For any picture in the lines below, please leave it out and copy the rest exactly.

-------- Data excerpt --------

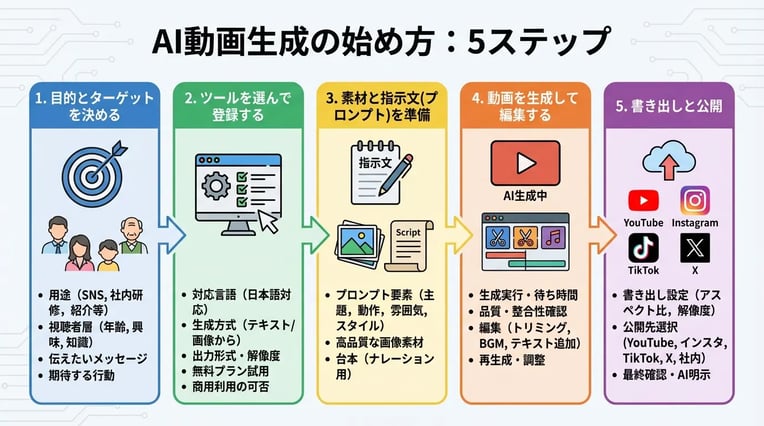 AI動画生成の始め方を5ステップで解説
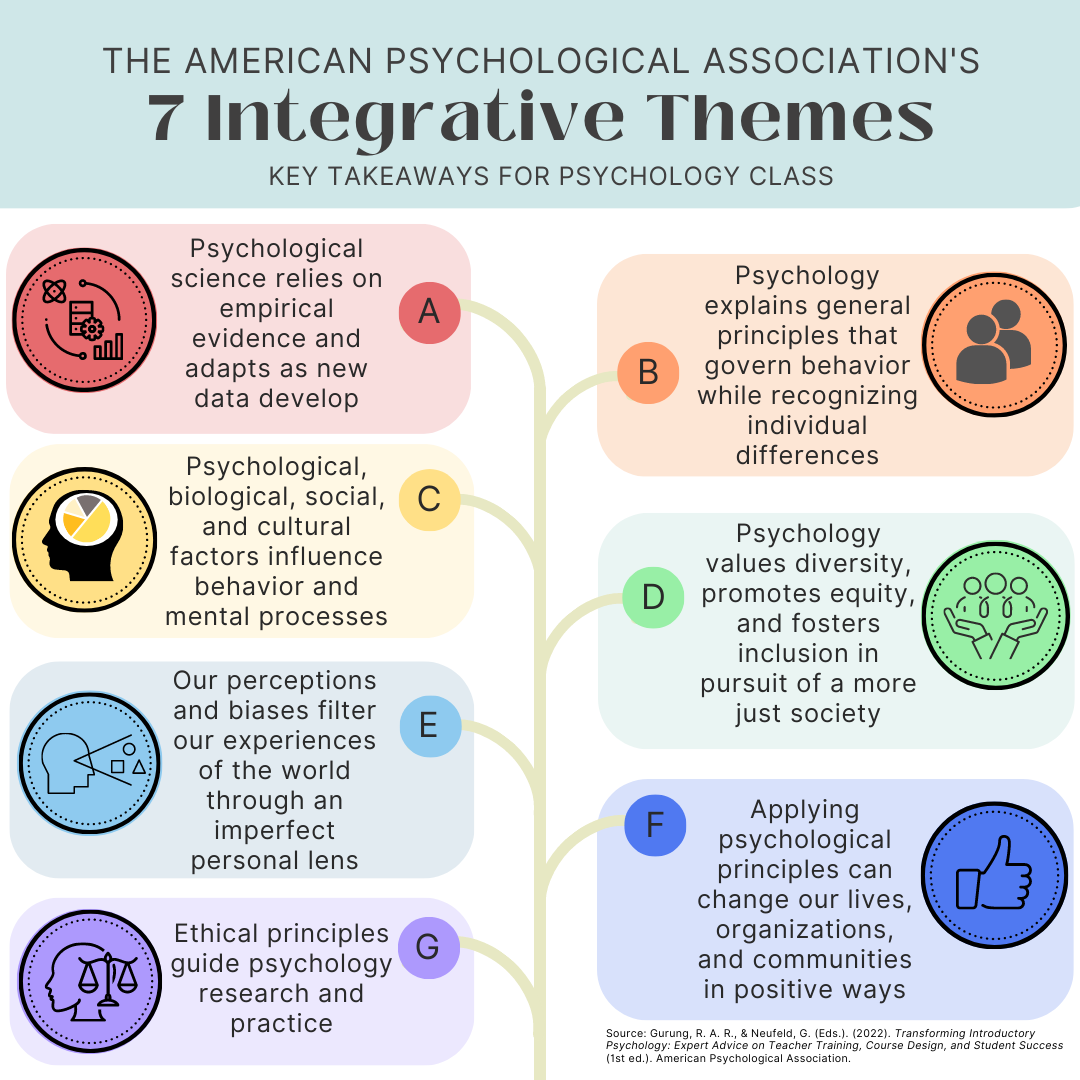 List of the APA 7 Integrative themes: A. Psychological science relies on empirical evidence and adapts as new data develop. B. Psychology explains general principles that govern behavior while recognizing individual differences. C. Psychological, biological, social, and cultural factors influence behavior and mental processes. D. Psychology values diversity, promotes equity, and fosters inclusion in pursuit of a more just society. E. Our perceptions and biases filter our experiences of the world through an imperfect personal lens. F. Applying psychological principles can change our lives, organizations, and communities in positive ways. G. Ethical principles guide psychology research and practice.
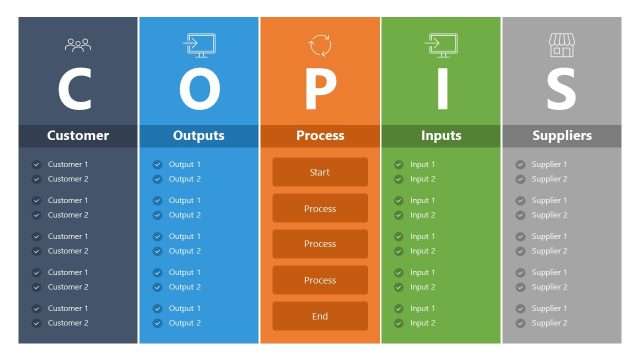 COPIS PowerPoint Template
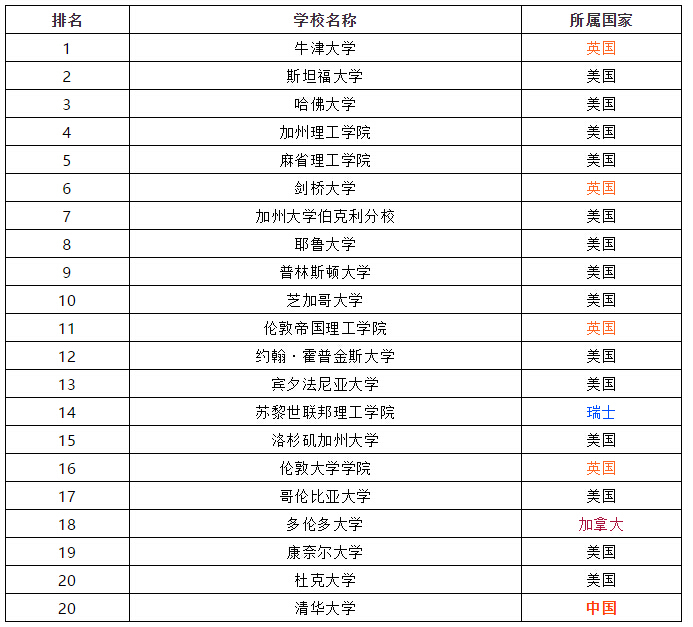 最新全球大學(xué)排行榜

--------

Task solution:
 AI動画生成の始め方を5ステップで解説
 List of the APA 7 Integrative themes: A. Psychological science relies on empirical evidence and adapts as new data develop. B. Psychology explains general principles that govern behavior while recognizing individual differences. C. Psychological, biological, social, and cultural factors influence behavior and mental processes. D. Psychology values diversity, promotes equity, and fosters inclusion in pursuit of a more just society. E. Our perceptions and biases filter our experiences of the world through an imperfect personal lens. F. Applying psychological principles can change our lives, organizations, and communities in positive ways. G. Ethical principles guide psychology research and practice.
 COPIS PowerPoint Template
 最新全球大學(xué)排行榜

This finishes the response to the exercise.